ATA/512/2013 du 27.08.2013 ( TAXIS ) , REJETE

En fait
En droit
RÉPUBLIQUE ET CANTON DE GENÈVE

 

POUVOIR JUDICIAIRE

A/990/2012-TAXIS ATA/512/2013

COUR DE JUSTICE

Chambre administrative

Arrêt du 27 août 2013

 

dans la cause

 

Monsieur R______
représenté par Me Yves Nidegger, avocat

contre

SERVICE DU COMMERCE



EN FAIT

Monsieur R______, domicilié à Genève, exerce la profession de chauffeur de taxi.

Par courrier du 5 octobre 2009, le service du commerce (ci-après : Scom) a informé M. R______ qu’il était en mesure de lui proposer d’acquérir un permis d'exploiter un taxi de service public pour autant qu’il accepte formellement dite proposition. Un montant de CHF 60'000.- était à régler au titre de la taxe unique prévue par l'art. 58 al. 5 de la loi sur les taxis et limousines (transport professionnel de personnes au moyen de voitures automobiles) du 21 janvier 2005 (LTaxis - H 1 30).

M. R______ a accepté cette proposition le 2 novembre 2009.

Le 22 février 2010, l'intéressé a transmis au Scom la formule de demande d’autorisation d’exploiter un taxi de service public en qualité d’indépendant, dûment remplie et accompagnée de la preuve du versement du montant de CHF 60'000.- au titre de la taxe unique.

Le 25 février 2010, le Scom a délivré l’autorisation sollicitée.

Par arrêté du 19 mai 2010, le Conseil d'Etat a fixé la taxe unique à CHF 82'500.-.

Statuant sur recours de l’association de défense des intérêts des chauffeurs de taxi et de plusieurs chauffeurs de taxi agissant individuellement, le Tribunal fédéral a, par arrêt du 18 juin 2011, annulé l’arrêté précité du Conseil d’Etat pour défaut de base légale (Arrêt du Tribunal fédéral 2C_609/2010). L'art. 21 al. 6 LTaxis sur lequel il se fondait ne fixait pas l'assiette de la taxe, ni la fourchette de son montant, ni les modalités de sa perception. Seul le montant minimum prévu par cette disposition, soit CHF 40'000.-, pouvait être réclamé au titre de cette taxe.

Se fondant sur l'arrêt susmentionné, M. R______ a demandé au Scom, le 9 février 2012, le remboursement de la somme de CHF 20'000.-, seul un montant de CHF 40'000.- pouvant être perçu au titre de la taxe unique.

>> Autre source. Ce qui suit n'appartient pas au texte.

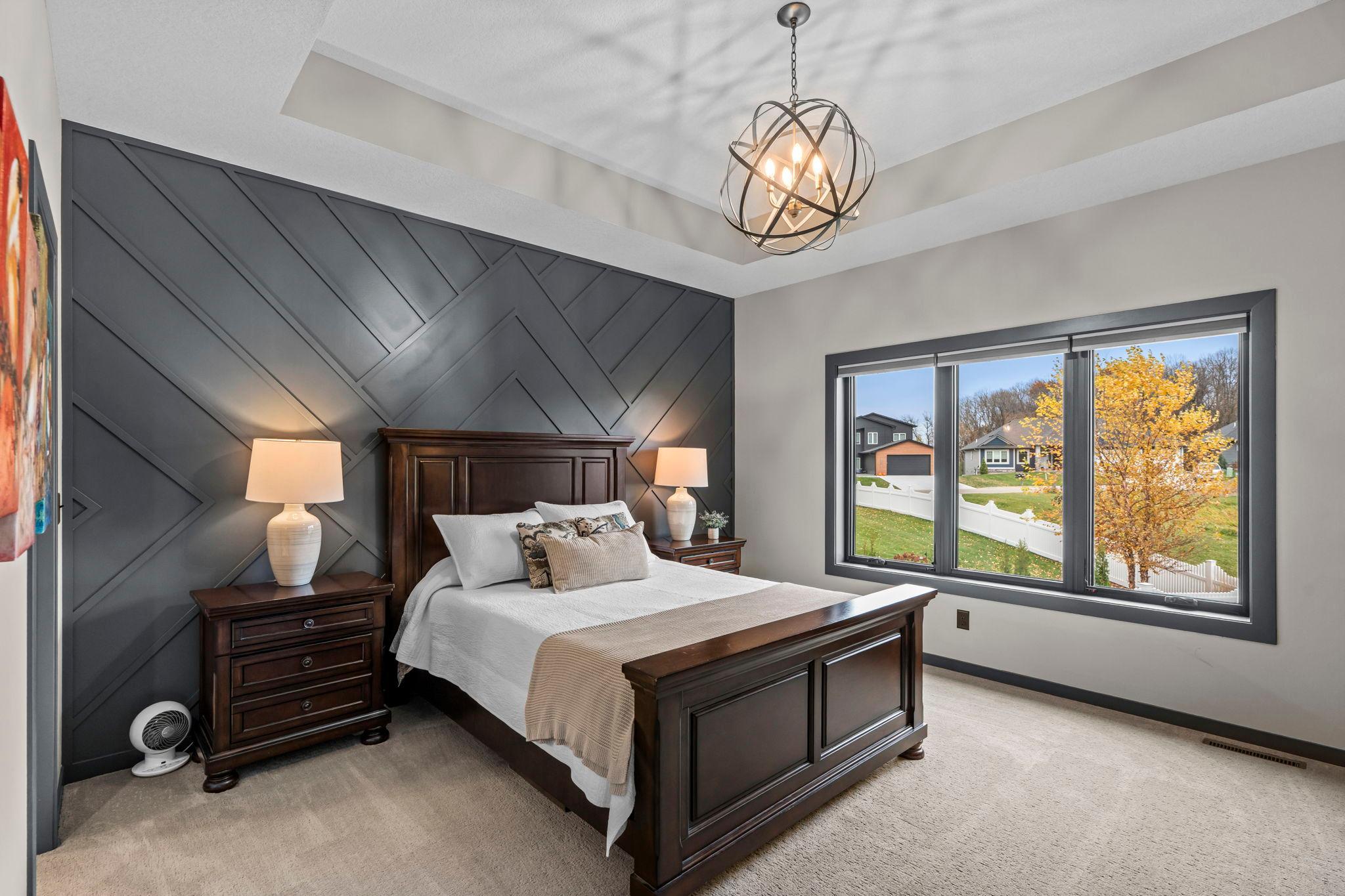 The main-level primary bedroom features a stylish accent wall and designer lighting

Par décision du 28 février 2012, le Scom a refusé tout remboursement, le montant de CHF 60'000.- ayant été versé à bon droit, vu les dates auxquelles le permis de service public lui avait été proposé, respectivement accepté. L’arrêt du Tribunal fédéral annulant l’arrêté ne saurait remettre en cause cet état de fait.

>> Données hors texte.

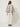 RM1832 gray and gold jacquard cropped jacket on model, back view with piped collar band and raglan seams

Le 28 mars 2012, M. R______ a recouru auprès de la chambre administrative de la Cour de justice (ci-après : la chambre administrative) contre la décision du 28 février 2012, concluant à son annulation et à ce que l’Etat de Genève soit condamné à lui rembourser la somme de CHF 20'000.- avec intérêts à 5% dès le 24 février 2010. Il découlait de l'arrêt du Tribunal fédéral 2C_609/2010 que le montant de la taxe unique ne pouvait être supérieur à CHF 40'000.-.

Le 26 avril 2012, le Scom a conclu au rejet du recours. L’autorisation d’exploiter un taxi de service public en qualité d’indépendant avait été proposée et acceptée en 2009 sous l'empire du régime de l'art. 58 al. 5 LTaxis, fixant la taxe unique à CHF 60'000.-. Cette disposition n'avait pas été remise en cause par le Tribunal fédéral.

Le 3 mai 2012, le juge délégué a transmis la détermination du Scom à M. R______ en octroyant à ce dernier un délai au 31 mai 2012 pour formuler toute requête complémentaire.

L'intéressé n'a pas donné suite à ce courrier.

Le 31 juillet 2012, le Scom a demandé à pouvoir compléter son écriture du 26 avril 2012. Il avait fait le point sur plusieurs procédures pendantes devant la chambre administrative ayant trait à la même problématique et souhaitait préciser sa position selon les différentes situations des chauffeurs de taxis.

Le 2 août 2012, le juge délégué a accordé au Scom un délai au 31 août 2012 pour compléter sa détermination.

Le 31 août 2012, le Scom a rectifié sa position en ce sens que c'était la date de délivrance du permis, et non la date de sa proposition, qui était déterminante pour le montant de la taxe unique. Dans le cas particulier, le permis avant été délivré avant le 19 mai 2010, de sorte que c'était bien le régime de l'art. 58 al. 5 LTaxis qui était applicable.

Le 31 octobre 2012, M. R______ a persisté dans son recours.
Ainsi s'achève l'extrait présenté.